**Caption-style text data**
------------------------

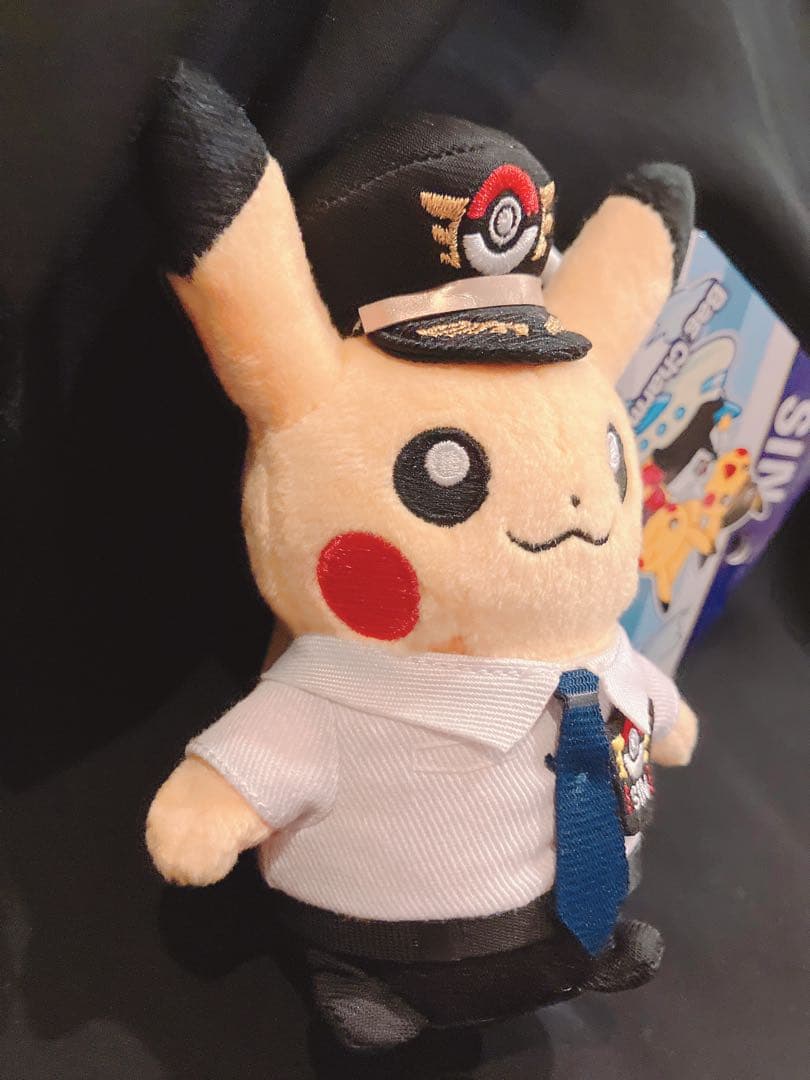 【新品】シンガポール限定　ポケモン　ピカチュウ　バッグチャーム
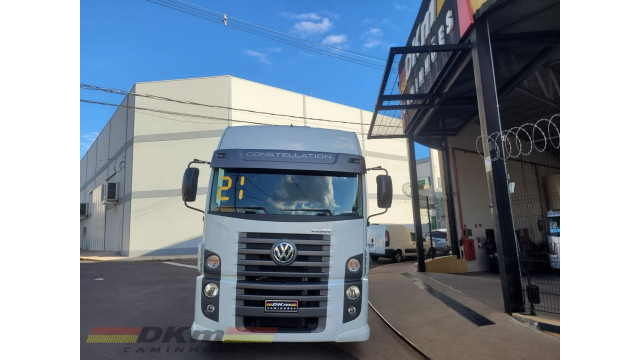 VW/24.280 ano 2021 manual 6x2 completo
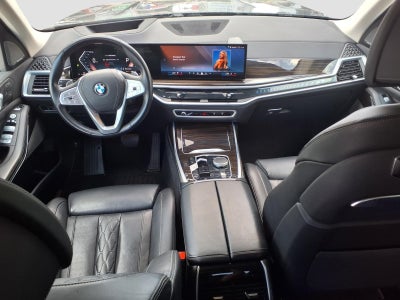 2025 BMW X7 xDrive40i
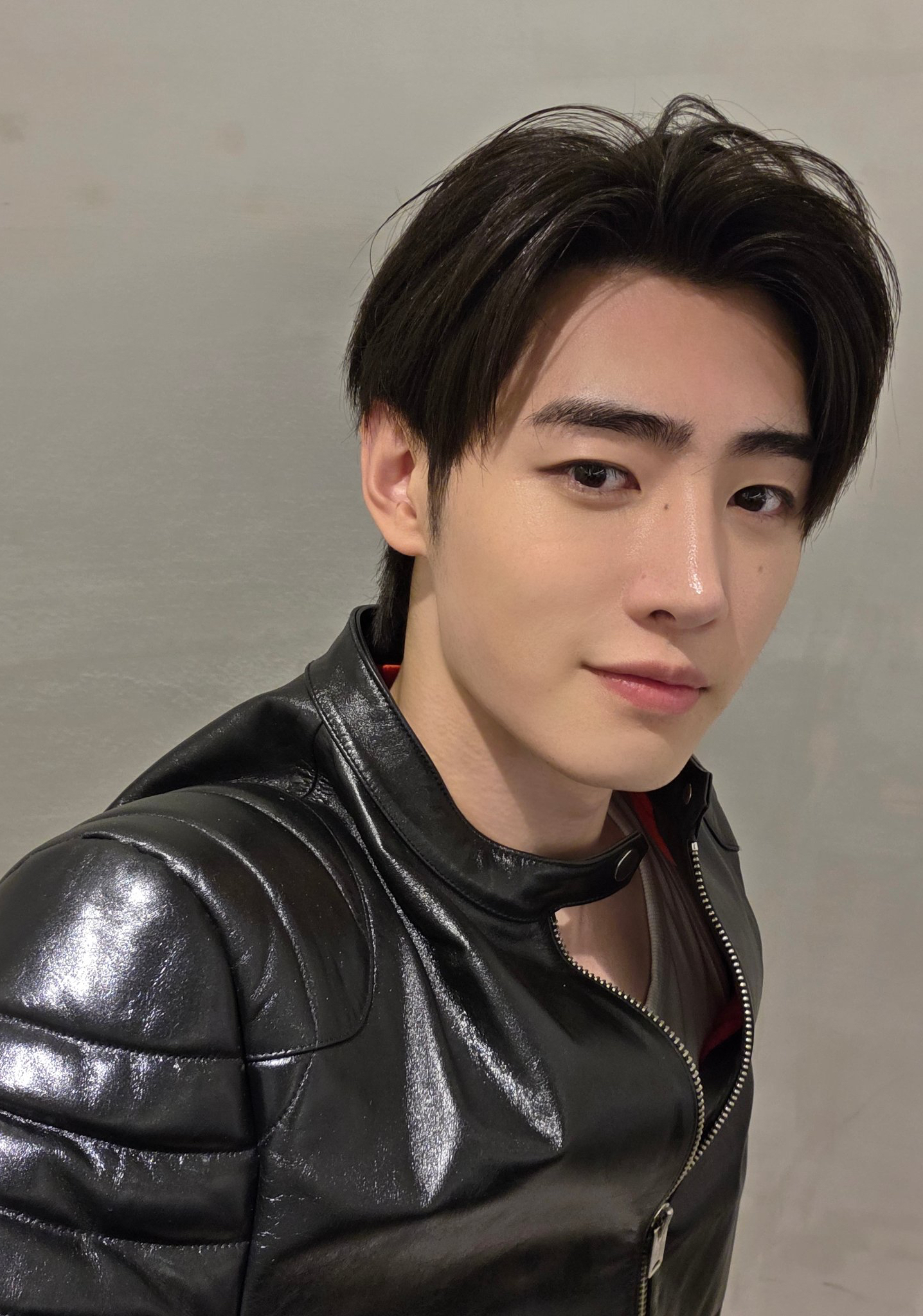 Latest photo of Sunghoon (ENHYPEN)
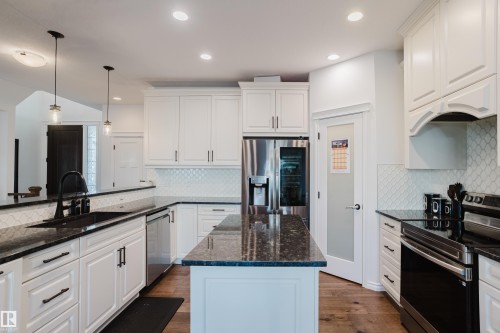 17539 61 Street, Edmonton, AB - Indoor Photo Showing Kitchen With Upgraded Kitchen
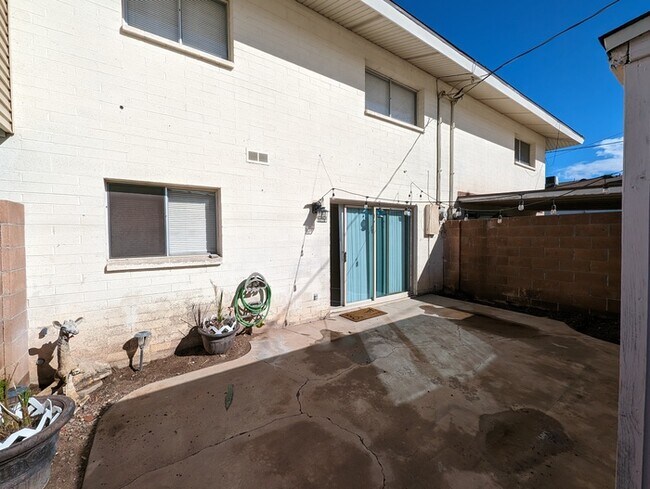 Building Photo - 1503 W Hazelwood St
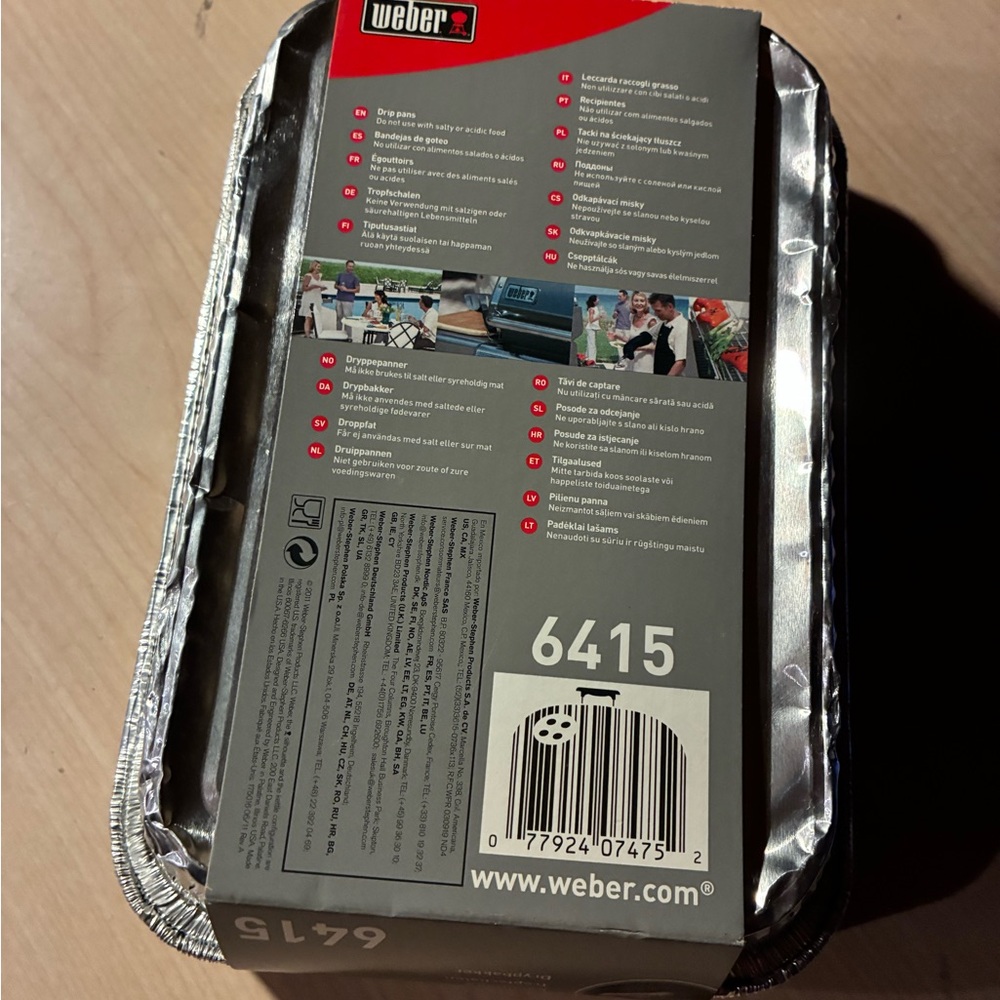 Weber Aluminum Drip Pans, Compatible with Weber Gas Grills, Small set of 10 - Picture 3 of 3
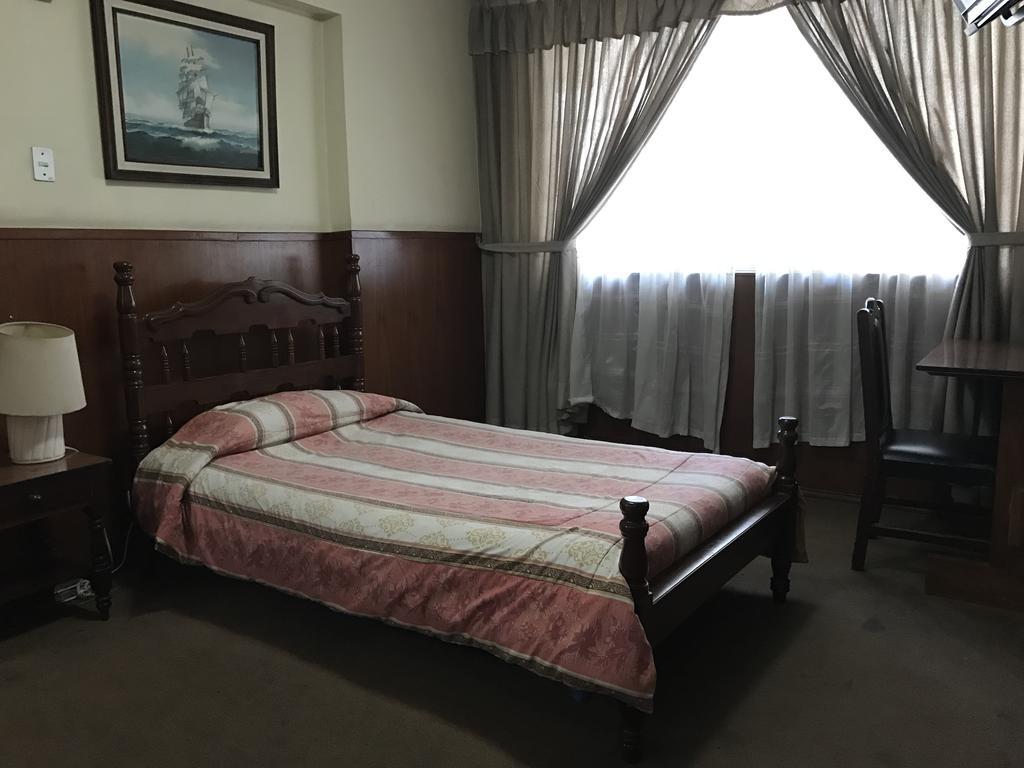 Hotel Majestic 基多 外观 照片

------------------------

**Action item**
Without the pictures, print all of the records exactly.

**The answer**
 【新品】シンガポール限定　ポケモン　ピカチュウ　バッグチャーム
 VW/24.280 ano 2021 manual 6x2 completo
 2025 BMW X7 xDrive40i
 Latest photo of Sunghoon (ENHYPEN)
 17539 61 Street, Edmonton, AB - Indoor Photo Showing Kitchen With Upgraded Kitchen
 Building Photo - 1503 W Hazelwood St
 Weber Aluminum Drip Pans, Compatible with Weber Gas Grills, Small set of 10 - Picture 3 of 3
 Hotel Majestic 基多 外观 照片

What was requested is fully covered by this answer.